So imagine my surprise when I realized, that contrary to my expectations, Green Collar Economy is not about how you can cash in on the green bubble. Instead, Green Collar Economy is fundamentally about environmental justice and equity. This is a book about how we link concern for the environment with concern for human welfare. It is in fact a book that is right up my alley.

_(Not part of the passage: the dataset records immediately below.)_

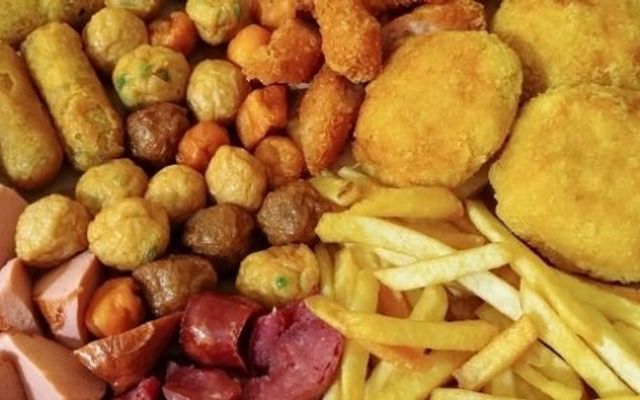 Dũng Lan Quán - Mì Trộn Indomie, Bánh Gà & Viên Chiên - Đường Sông Nhuệ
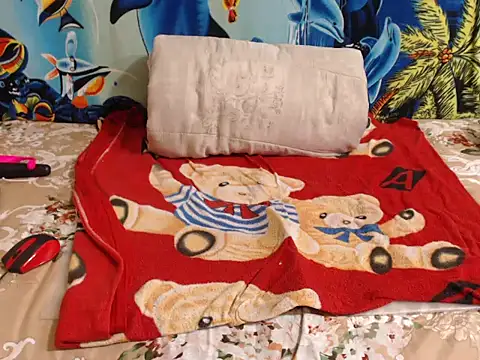 ChocolateClit online show from 10/08/25, 04:37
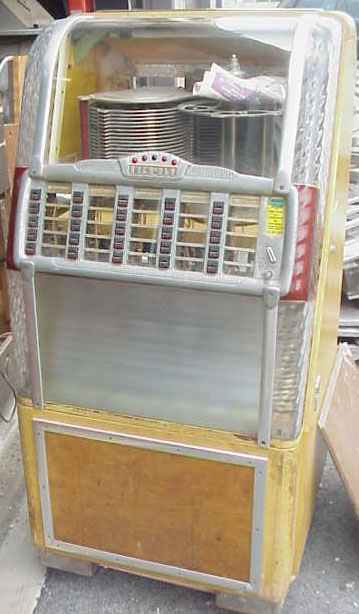 ROCKOLA Rocket Jukebox Model 1432 - Photo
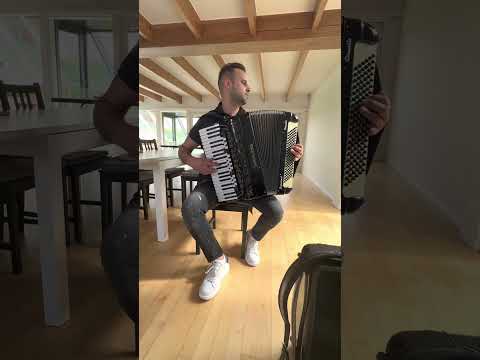 Emanuel Mitrea-E harul tău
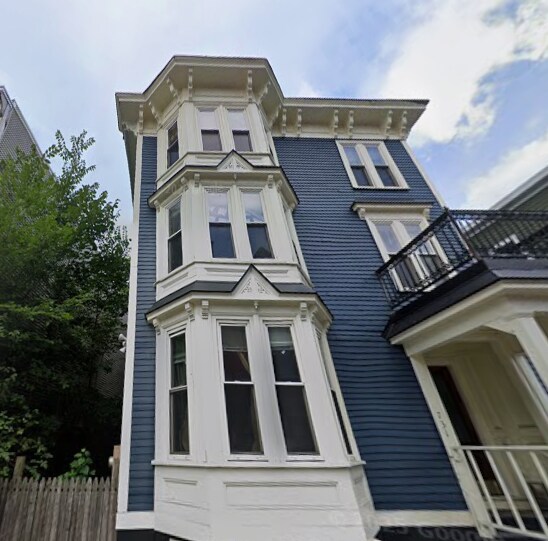 731 Parker St, Unit 1 in Boston, MA - Building Photo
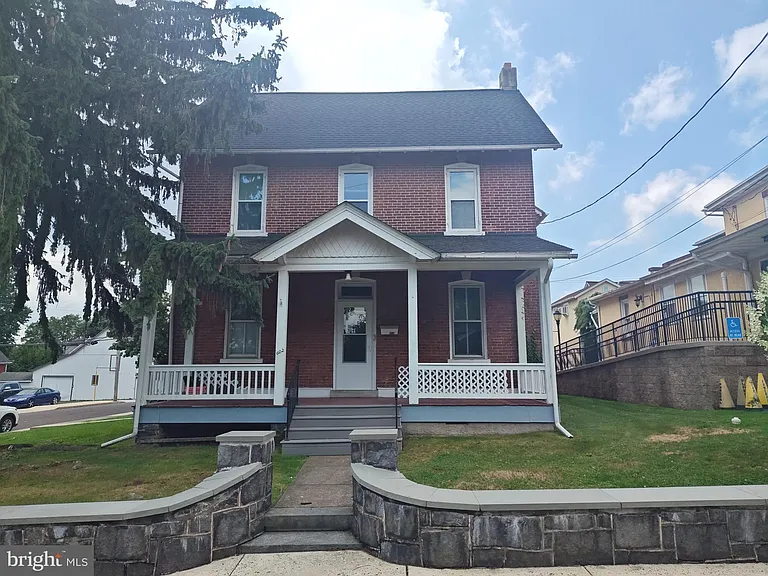 602 Arch St #B — Photo 1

Van Jones, an African-American who is both an environmentalist activist and human rights activist, is a powerful and incredibly important addition to the environmental movement. Which lets face it, is a bit too white and a bit too male. Consequently, his perception of the environmental crisis is different. While others ignore the inequitous consequences of climate change, Van Jones confronts them head on. He notes that Katrina was most disasterous for the poor, the black, the vulnerable. Jones argues:
The guiltless will bear the brunt and suffer the wrath of an enraged Mother
Nature. People in wealthy countries can cushion the blows. That's why, as the
1999 edition of the World Disasters Report concludes, about 96 percent of all
deaths from natural disasters happen in developing countries. Our actions- and
refusals to act- in the wealthier nations are funneling more disasters and death
toward the poorest people on Earth.
Van Jones also discusses the class conflicts and racism that has been part of the environmentalist movement for the past 100 odd years. While many environmentalists would rather sweep these conflicts under the rug, Van Jones argues that we cannot hide from these injustices. However, even here, Van Jones is amazingly diplomatic. He acknowledges the successes of environmentalist conservationists, while also noting their failure to address the needs of Native Americans. He understands the importance of the zero population growth campaign while also uncovering its racist implications. In other words, Van Jones doesn't throw the baby out of the bathwater, but he doesn't feel the need to cover up the past either.
I didn't necessarily agree with all of Van Jones' policy proposals, though I do share his vision for a new Green New Deal or Apollo Project. In particular, Van Jones' proposal "Hoopties for hybrids" provides a very tangible reminder of how a good idea in theory can result in bad policy in practice. But overall, this is a smart and important book with a refreshing perspective on the crises we face.